The birth of the modern Commonwealth, as we recognise it today, really began with the independence of India and Pakistan from Britain in 1947. In 1949, India’s desire to become a republic and to cut constitutional ties with the British monarchy while remaining within the Commonwealth, forced leaders to rethink the principles of Commonwealth membership. The London Declaration of the same year dropped the word ‘British’ from the association’s title.
Removing the requirement that member countries have the British Monarch as their Head of State, the same Declaration recognised King George VI as the “symbol of their free association and as such Head of the Commonwealth”. India was thus welcomed as the first republican member in a modern, and voluntary, association. So exceptional was the spirit of accommodation on all sides in reaching this agreement that the Indian Prime Minister, Jawarhalal Nehru, was moved to say at the time that the Commonwealth could bring “a touch of healing” to the management of contemporary world problems.
Committed to racial equality and national sovereignty, the Commonwealth became the natural association of choice for many new nations emerging out of decolonisation in the 1950s and 1960s. Ghana achieved independence in 1957 and became the first majority-ruled African member. Jamaica was the first to claim independence in the Caribbean in 1962; and, in the same year, Samoa became the first among countries in the Pacific (excluding Australia and New Zealand). From this point on, the Commonwealth expanded rapidly.
Important Milestones in History
In 1965, an important milestone was reached when Commonwealth leaders established the Commonwealth Secretariat at Marlborough House in London. This was to be the association’s own independent civil service, headed by a Commonwealth Secretary-General. The Secretary-General is now elected by Heads for no more than two four-year terms in office. Mr Kamalesh Sharma, an Indian diplomat, took up office as the most recent Commonwealth Secretary-General in April 2008.
He is the fifth, and follows the Canadian Arnold Smith (1965 – 1975), Sir Shridath Ramphal, from Guyana (1975 – 1990), Chief Anyaoku, from Nigeria (1990 – 2000) and New Zealander, Don McKinnon (2000 – 2008). Previously, the Commonwealth had been administered through the government of the UK, but this move made the Secretariat answerable to all member governments. It carries out consultations on their behalf, helps them with policy-making, the spread of information and the delivery of agreed Commonwealth initiatives.
A year later, in 1966, the Commonwealth Foundation was launched to support the work of a growing number of Commonwealth professional associations and NGOs and to promote Commonwealth art and culture. Two further milestones occurred in 1971. First, leaders adopted the Singapore Declaration of Commonwealth Principles which gave the association a formal code of ethics and committed members to improving human rights and seeking racial and economic justice. The leaders declared their belief in peace, liberty, human dignity and democracy.

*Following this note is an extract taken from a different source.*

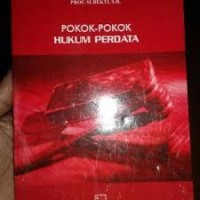 Image of Pokok-Pokok Hukum Perdata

At the same time, they declared their abhorrence of racial prejudice, colonial domination and wide disparities of wealth. The Heads declared: “We believe that international co-operation is essential to remove the causes of war, promote tolerance, combat injustice and secure development. We are convinced that the Commonwealth is one of the most fruitful associations for these purposes…(and that it can) provide a constructive example of the multi-national approach which is vital…(and) based on consultation, discussion and co-operation.
Secondly, they established the Commonwealth Fund for Technical Cooperation. Based on the concept of mutualism, the Fund was among the first to advance the idea of technical cooperation among developing countries. In 1991, building on the principals adopted in Singapore, the Harare Declaration set the Commonwealth firmly on new course for a new century: that of promoting democracy and good governance, human rights and the rule of law, and sustainable economic and social development.
As part of the Harare priorities, the Commonwealth provides assistance to countries in transition to democracy by helping to draft legislation, review and amend electoral procedures and otherwise create the framework for democracy to take root. Between 1990 and mid-1996, the Commonwealth observed some 18 elections or referendums to further this work. At a 1995 summit in New Zealand, leaders adopted the Millbrook Commonwealth Action Programme to give practical expression to the Harare principles, particularly democracy, evelopment and consensus-building.
They agreed on practical steps to address serious and persistent violations of these principles and established a mechanism – a Ministerial Action Group of Foreign Ministers – to carry this forward. It was in this context that, in the face of human rights abuses by a military regime, they took the unprecedented step of suspending Nigeria’s membership.